Processes

CBO's work follows processes that are specified in the Budget Act or that it has developed in concert with the House and Senate Budget Committees and Congressional leadership. Most of the processes that guide CBO's work have been in place since the 1970s. The agency is required by law to describe the basis for its cost estimates and follows the same practice for its reports.


How does CBO decide what to study?

CBO’s chief responsibility under the Congressional Budget Act is to help the House and Senate Budget Committees with the matters under their jurisdiction. CBO also supports other Congressional committees—particularly the Appropriations, Ways and Means, and Finance Committees—and the Congressional leadership.

CBO produces a number of reports specified in statute, of which the best known is the annual Budget and Economic Outlook. Other CBO reports that are required by law or have become regular products of the agency owing to sustained interest from the Congress are described in products.

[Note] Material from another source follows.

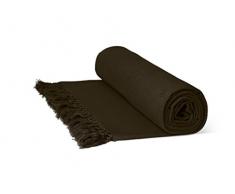 Rapport Nid dabeille JetÃ© Coton Chaise, 127Â x 152Â cm, Coton, Chocolat, Simple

The agency is required by law to produce a cost estimate for nearly every bill that is approved by a full committee of either the House or the Senate; the only exceptions are appropriation bills, which do not receive written cost estimates but whose budgetary effects CBO estimates for the Appropriations Committees. The agency also publishes cost estimates at other stages of the legislative process if requested to do so by a relevant committee or by the Congressional leadership. Moreover, CBO fulfills numerous requests for technical assistance as committees are crafting legislation, as amendments to bills are being debated, and at other times in the legislative process.

Beyond its regular reports and cost estimates, CBO prepares analytic reports at the request of the Congressional leadership or of the Chairmen or Ranking Members of committees or subcommittees. CBO’s managers and analysts work with requesters and their staffs to understand the scope and nature of the work that would be most useful to the Congress.

What methodology does CBO use in its analyses?

All of CBO's work reflects the agency's objective, impartial, and nonpartisan analytical assessments. Those assessments are based on several factors:

  • A detailed understanding of federal programs and revenue sources;
  • Careful reading of the relevant research literature;
  • Extensive analysis of data collected and reported by the government's statistical agencies and by private organizations (for example, the national income and product accounts, surveys of labor market conditions and prices, the Statistics of Income database, the Current Population Survey, the Survey of Income and Program Participation, data on national health expenditures, various health care surveys, and data on financial transactions); and
  • Consultation with numerous outside experts, including professors, think-tank analysts, representatives of industry groups, other private-sector experts, and employees of federal, state, and local governments.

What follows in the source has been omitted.